L’Assessore, sapendo bene che di questi progetti non ce ne sono molti in giro, ha invitato quindi alcuni tra gli economisti autori del gruppo “Moneta Fiscale” autori del progetto, firmato da me, da Biagio Bossone, Marco Cattaneo e Stefano Sylos Labini.

Di comune accordo (anche perché Stefano era impegnato altrove) abbiamo convenuto che gli amici Biagio e Marco presentassero il progetto e che io non andassi all’evento. Tra me e l’Assessore Armao ci sono state e ci sono tuttora notevoli divergenze politiche, io appartengo a una forza di opposizione, e una mia presenza immediata avrebbe potuto causare legittimo imbarazzo reciproco e anche strumentalizzazioni esterne. Tutto sommato questa pare una decisione prudente. Per nome è stato scelto quello di un antico progetto dell’amico Bossone (il “Sole” di Sicilia) ma i contenuti sono perfettamente identici al “Tarì” di cui abbiamo parlato in campagna elettorale.

Ma, “Sole” o “Tarì”, noi Siciliani Liberi dobbiamo e possiamo solo essere contenti se una parte così qualificata del nostro programma entra nell’agenda politica. Le nostre pressioni, sul piano dell’informazione e dell’attivismo stanno dando i primi frutti.

Opporsi a questa scelta – sempre ammesso che il Governo regionale voglia davvero andare fino in fondo – sarebbe miope. Quando le cose del nostro progetto si fanno noi dobbiamo solo esserne fieri.

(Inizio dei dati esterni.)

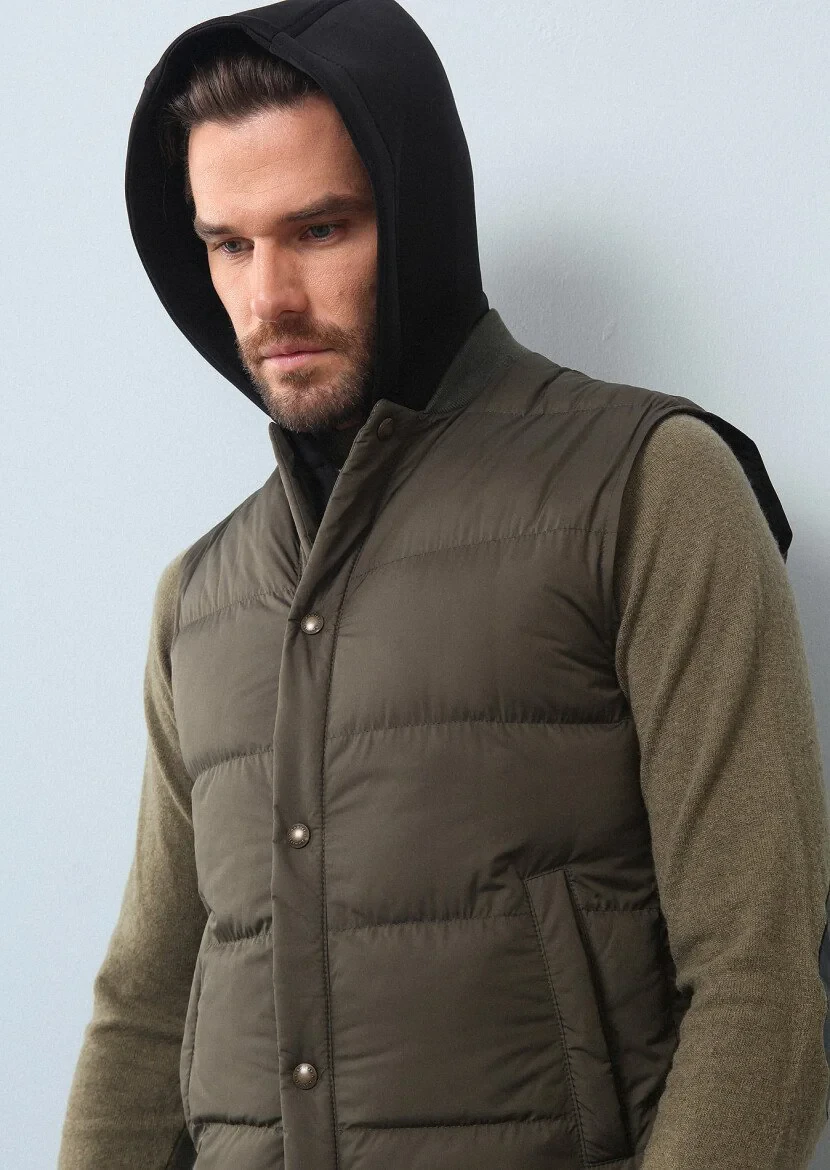 Khaki Weaving Puffer Vest - 1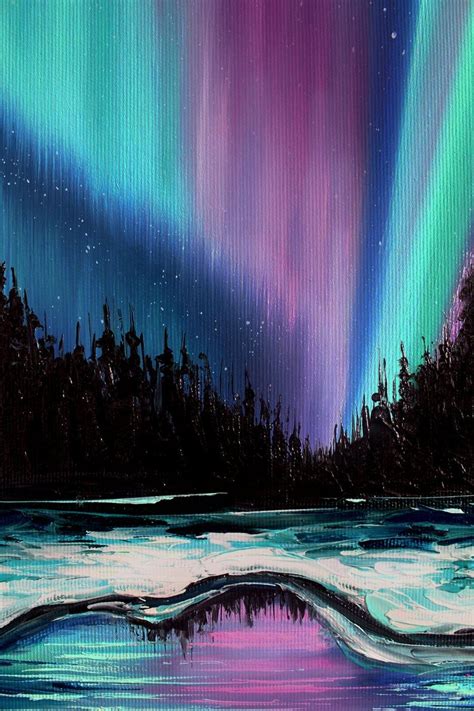 Northern Lights Art Winter Landscape Aurora Borealis Art Etsy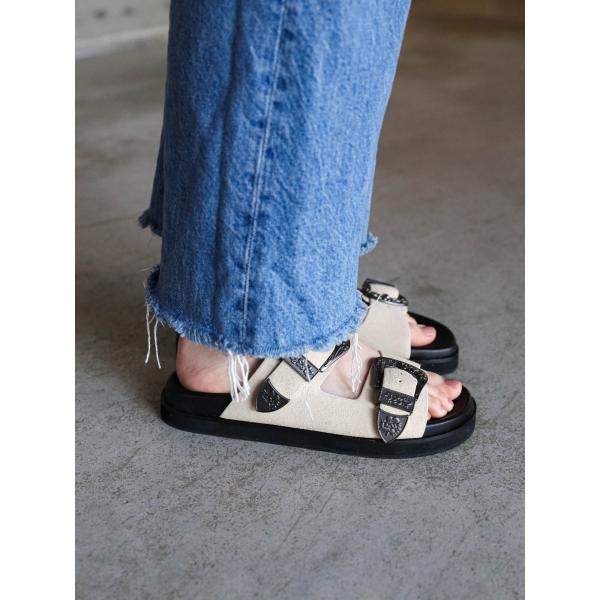 LUCIA BUCKLE W - COWSUEDE - FROST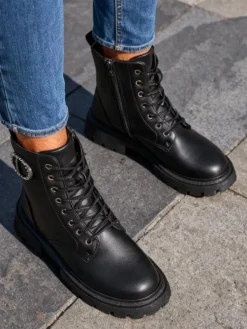 Royalfashion Eko skórzane damskie botki Enoll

Se continuiamo su questa strada si può aprire una stagione di riforme istituzionali per la Sicilia; stagione indispensabile per la stessa sopravvivenza dell’Isola.

Il DEF varato dal Governo mette in luce impietosamente un Popolo in agonia. La soluzione è una sola; passare dalle parole ai fatti. Se il Parlamento siciliano e il Governo siciliano intendono fare fatti non devono trovare negli indipendentisti ostacolo. Se fanno solo parole dobbiamo essere la loro spina nel fianco, raccontare ogni giorno fatti e misfatti, progressi e regressi su ogni trincea in cui gli interessi della Sicilia sono in gioco.

La moneta fiscale può essere un buon punto d’inizio. Ma – ricordiamo – che questa è inattuabile se sganciata da una TOTALE attuazione degli artt. 36 e 37 dello Statuto, cioè è inattuabile se gli accordi stipulati da Crocetta non vengono buttati nel cestino e la Sicilia non si riprende tutte le entrate tributarie che le spettano, compresi i tributi il cui presupposto matura nell’Isola ed è riscosso altrove. E non è attuabile se, come prevede l’art. 37, l’Agenzia delle Entrate non viene regionalizzata. E, a sua volta, la Sicilia non può pretendere la ridefinizione di tutti i propri diritti sulle entrate, se non si prende – a sua volta – le residue spese a carico dello Stato, Polizia inclusa, proprio come prevede lo Statuto.

Insomma, la Questione Finanziaria Siciliana è una specie di “Cubo di Rubik”: non puoi sistemare solo una faccia, o tutte o niente. Devoluzione di entrate e agenzia, totale devoluzione amministrativa e moneta fiscale sono tre battaglie indisgiungibili. 

Subito dopo vengono gli altri tre elementi della ZES: possibilità di manovrare le imposte (fiscalità di vantaggio, anche sulla benzina), sburocratizzazione e zona franca doganale.

Su questi temi a mio avviso dovremmo lanciare un indipendentismo 2.0: di lotta e di confronto costruttivo con tutte le forze che intendono difendere la Sicilia. Restare alternativi ai partiti coloniali, ma mettere a frutto il nostro potenziale di programma, che in fondo è l’unico in grado di salvare la Sicilia.